Same-store sales, excluding new stores, grew 0.7 per cent in the 14 weeks to October 2. This was higher than analyst expectations and Woolworths’ first rise in same-store sales since 2015.

Chief executive Brad Banducci said:  “We’ve been seeing gradual, consistent improvement in our business since May. There’s no one thing we can look at, we’re just a little bit better every week.”

Woolworths has cut prices by about $1 billion in recent quarters, driving increased store traffic and transaction numbers. But Mr Banducci said Woolworths was shifting its focus from price to fresh products and product range, as recommended by former Aldi executive Paul Foley.

Mr Banducci said it was “hard to get clean read” on Australia’s $90 billion grocery market, which is becoming more competitive as Woolies and No. 2 chain Coles cut prices, and foreign chains Aldi and Costco expand.

“There is some indication of the two-speed economy, it’s very hard for us to be precise given our price investment,” he said.

“In terms of Aldi’s entry into South Australia and Western Australia … they’re having an impact in those economies. We’ve been impacted but we’ve not been impacted to the extent we had expected or budgeted.”

Rival Wesfarmers was dumped by investors this week after lower-than-expected growth for its Coles supermarkets.

Deutsche Bank analyst Michael Simotas told clients Woolworths’ sales update was “positive … particularly in the context of the Wesfarmers’ release earlier in the week” and contained “no major surprises except for [discount department store] Big W, which was worse than expected”.

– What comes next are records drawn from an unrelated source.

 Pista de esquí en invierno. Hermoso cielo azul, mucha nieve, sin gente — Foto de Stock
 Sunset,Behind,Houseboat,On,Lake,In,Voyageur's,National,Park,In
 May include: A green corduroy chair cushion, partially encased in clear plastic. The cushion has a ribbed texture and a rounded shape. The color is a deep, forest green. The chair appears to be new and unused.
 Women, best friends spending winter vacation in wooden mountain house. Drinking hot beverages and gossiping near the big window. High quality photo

“Interestingly, items per basket are still falling with improvement driven by transaction growth,” he said. “Items per basket is probably an easier problem to fix than lack of customers, but a drag nonetheless.”

The last time Woolworths reported, in August, it posted its first loss as a listed company, driven by its disastrous foray into home improvement, Masters, plus troubles in supermarkets and Big W.

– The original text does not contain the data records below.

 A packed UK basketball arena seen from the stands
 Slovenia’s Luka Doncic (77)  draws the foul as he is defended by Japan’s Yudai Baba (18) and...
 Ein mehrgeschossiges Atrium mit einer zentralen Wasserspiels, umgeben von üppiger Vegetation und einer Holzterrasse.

Friday’s results also highlighted continued bleeding from Big W, and Woolworths has forecast operating earnings will not rise from last year’s. Same-store sales were down 5.7 per cent year-on-year, due to lower-than-expected clothing sales.

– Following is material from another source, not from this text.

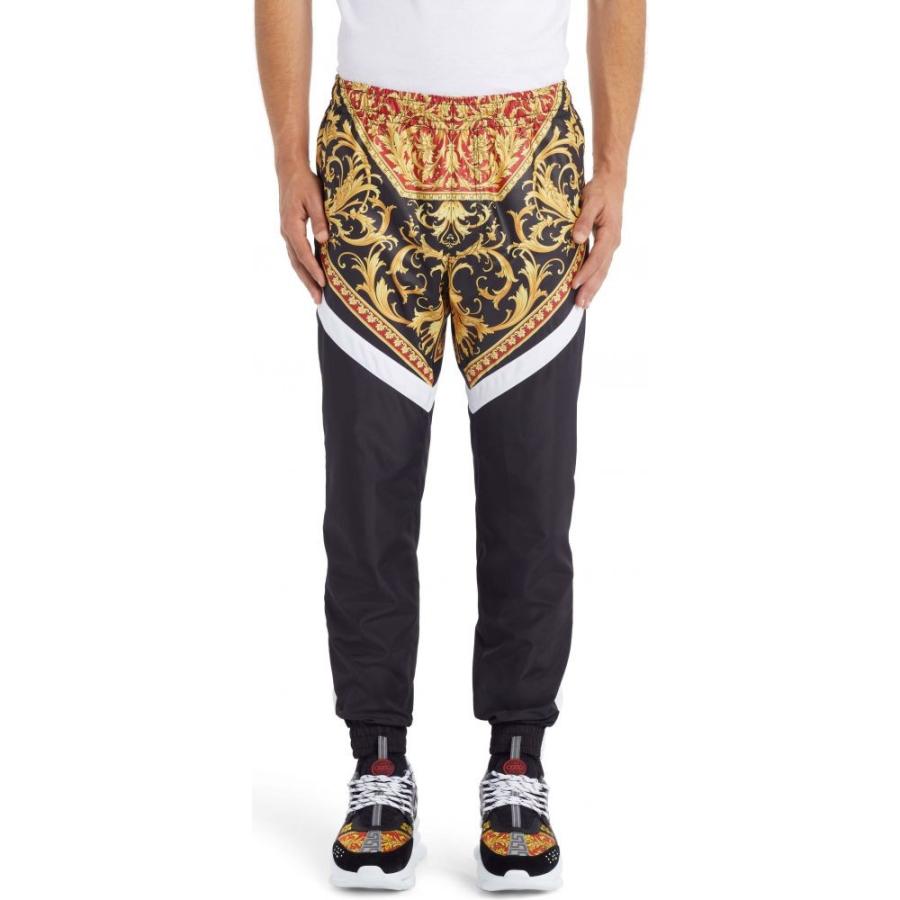 red and yellow track pants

Former fund manager Peter Morgan, who owns some Woolworths stock, cautioned the company’s turnaround would take time. Woolworths has said it will take three to five years.

“You can’t turn big ships around quickly,” Mr Morgan said. “Woolworths has only been down and out for six to 12 months, really.

“It’s still got a competitive environment. I don’t think [rival] Coles is going to lay down. And the bigger issue, longer term, is what happens online in the marketplace.”